En la cuadra hasta ese momento pocos tenían sus casas repelladas, no digamos pintadas. Don Luis se mandó que contrató a un patojo de la colonia que hacía sus primeros tanes en la pintura y le pintó la casa con un estilo nuevo que parecía untazón de chicle, como que con panela a medio hervir se la hubieran pintado, pero sí era el estilo. No hombre, era la novedad y les daba cierto glamur en aquella colonia de casas de lepas y techos de pedazos de láminas oxidadas.
Por la tarde noche doña Janeth se sentaba en las gradas de su casa con sus niños y como la mayoría en la colonia, con las puertas de la casa de par en par. Aquella noche de domingo yo salí anegada de la cantina con los patojos, caminamos abrazados los 17 por el bulevar central y al llegar a la entrada a mi cuadra yo les pedí que me dejaran ahí que subiría sola a mi casa, no quisieron, pero insistí. Apenas podía sostenerme en pie, caminaba tambaleante, eran los días más difíciles de mi vida y mi forma de escape era el alcohol. Nunca probé drogas, no por salsa, ni por miedo, solo porque tuve suerte, la suerte con la que nací que dijo Mamita.
Los 16 hombres de mi vida me dejaron en la entrada a la cuadra y comencé a caminar la subidona, doña Janeth que estaba sentada en las gradas de su casa me vio, se paró inmediatamente y corrió a agarrarme, buenas noches, le dije, ella que era delgada y más bajita que yo, me agarró como pudo y me llevó a su casa, agarró a sus niños y me llevó a la cocina. Ahí me lavó la cara, me echó agua en la cabeza y me dijo que me sentara en una silla, mojó papel periódico y me lo dio a morder, partió una papa y me dijo que la masticara, que no podía asomarme así a la casa porque entonces sí mi mamá me mataba.

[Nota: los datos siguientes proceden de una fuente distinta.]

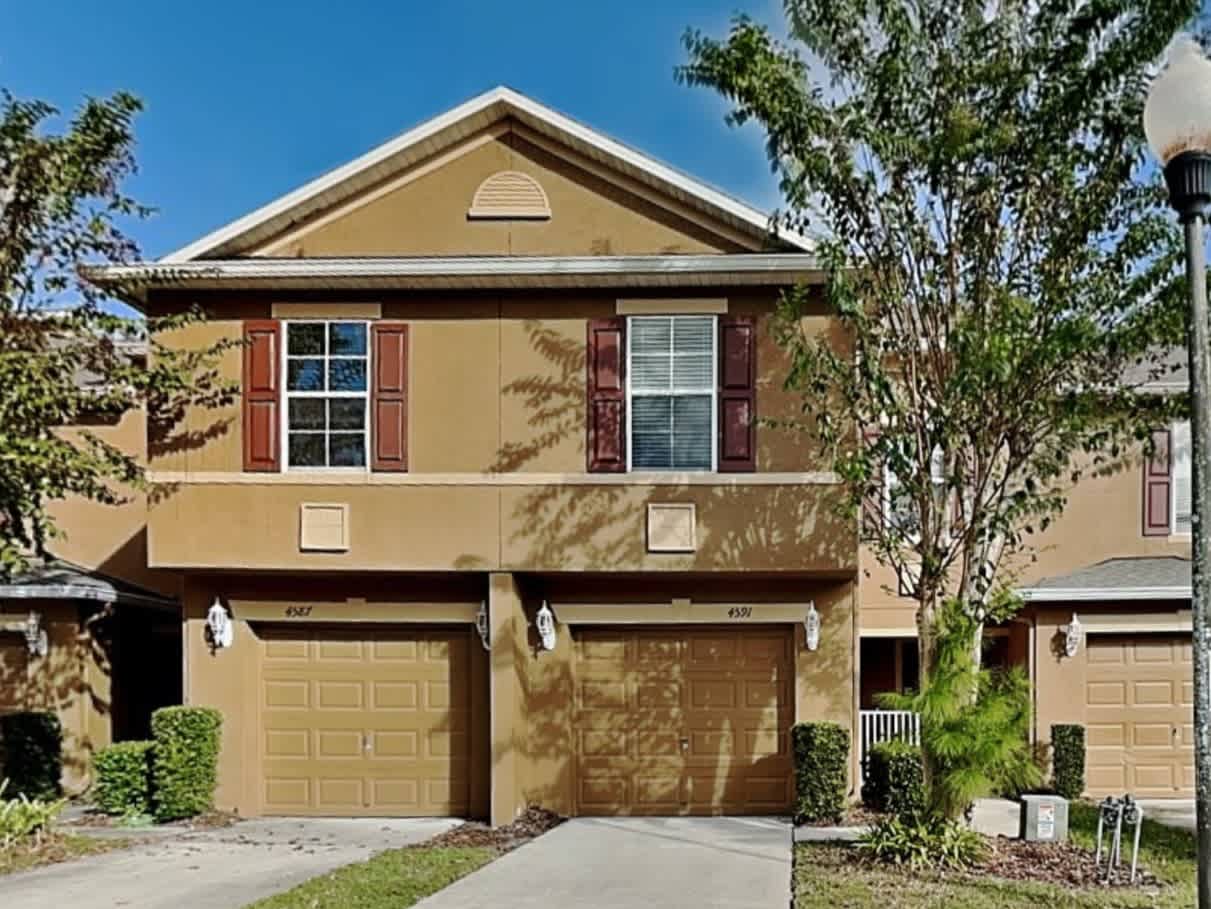 4591 Lacebark Trl Oviedo photo 1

Para esos años yo no hablaba, toda mi forma de expresión eran los puños. ¿Qué le pasa? Me preguntó angustiada. Hable conmigo, me dijo. Por qué se emborracha así le puede pasar algo. Pero yo no hablaba ni con ella ni con nadie, no podía hablar, todo el fuego que me quemaba por dentro lo trataba a apagar con el alcohol, jugando pelota y corriendo en la arada hasta que las piernas no me daban más.
Me abrazó, me abrazó fuerte y me refugió y yo no pude hablar, todo se deshacía como granos de sal en mi garganta. Y doña Janeth que no pasaba de los 27 años lloró frente a mí aquella noche de domingo, tratando de salvarme, salvarme de mí misma. Pero mi camino por recorrer apenas estaba iniciando.

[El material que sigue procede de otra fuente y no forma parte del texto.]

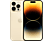 APPLE iPhone 14 Pro Max - Smartphone (6.7 ", 1 TB, Gold)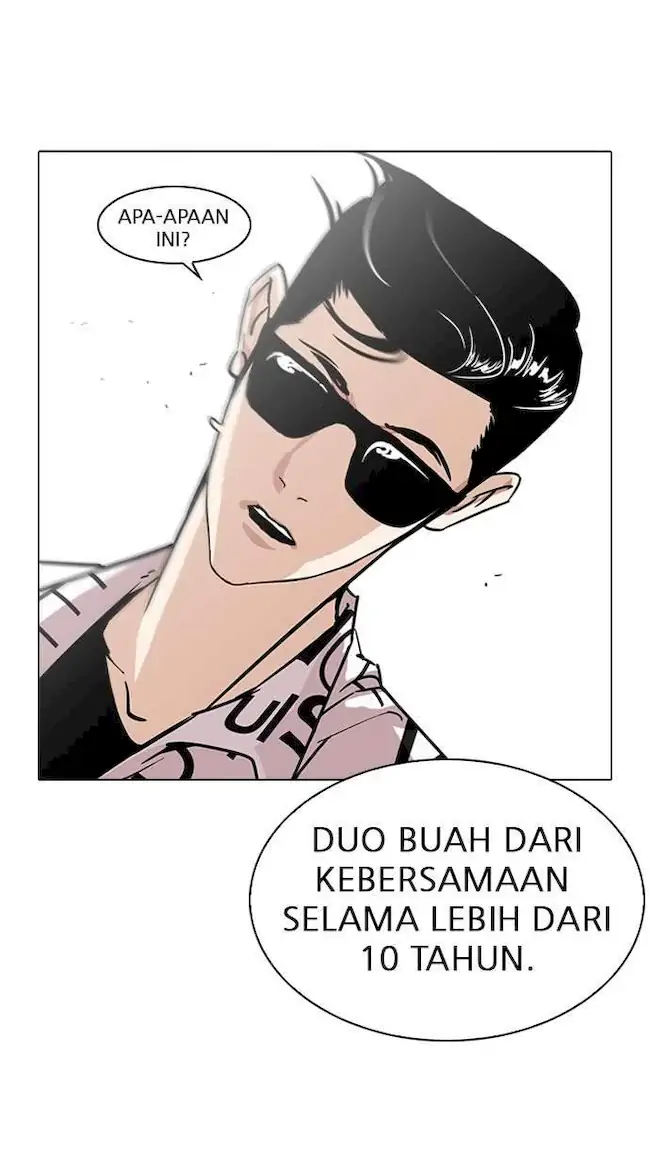 Lookism Bab 242 halaman 113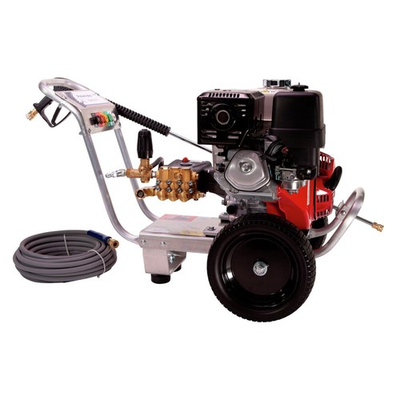 #ad Pressure Pro E4040HA 20 Eagle II 4000 PSI 4 GPM Cold Water Pressure Washer New $1559.99
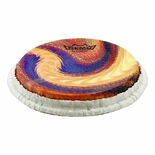 Remo Skyndeep Tucked Bongo Heads - Serpentine Day Graphic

Me mantuvo ahí en la sala de su casa hasta que me bajó un poco la borrachera y pude caminar más o menos, salió a dejarme a la puerta de su casa y se quedó ahí hasta que yo me perdí en la subidona, al llegar a mi casa me salté el tapial de adobe, atravesé el patio y entré al cuarto que colindaba con el gallinero. En la casa todos dormían, caí boca abajo en la cama de metal que tenía la pata coja.
A veces creemos que las hazañas para que sean grandes, deben tener ruido, deben ser exorbitantes, y que deben tener todos los focos puestos. Pero no necesariamente debe ser así. Aquella noche, una mujer tímida, recién llegada a la colonia, con pocos amigos, vio a una adolescente que necesitaba un abrazo y se lo dio, ¿cómo lo supo? Cosa de mujeres, tal vez. Cosa que no necesita expresarse de ninguna forma. Intuición femenina. Y para mí ese gesto fue una insurrección total. Porque pudo verme pasar e ignorarme. Pudo cerrar la puerta, pero salió a mi encuentro, a socorrerme y aquel abrazo de ese domingo por la noche me ha acompañado todos estos años y lo guardo como algo muy grato de mis años más difíciles. Un pequeño gesto, puede salvarle la vida a una persona, aunque jamás lo imaginemos.
Siempre que como papas me recuerdo de aquella papa partida por la mitad.
Para doña Janeth, con gratitud, donde quiere que esté.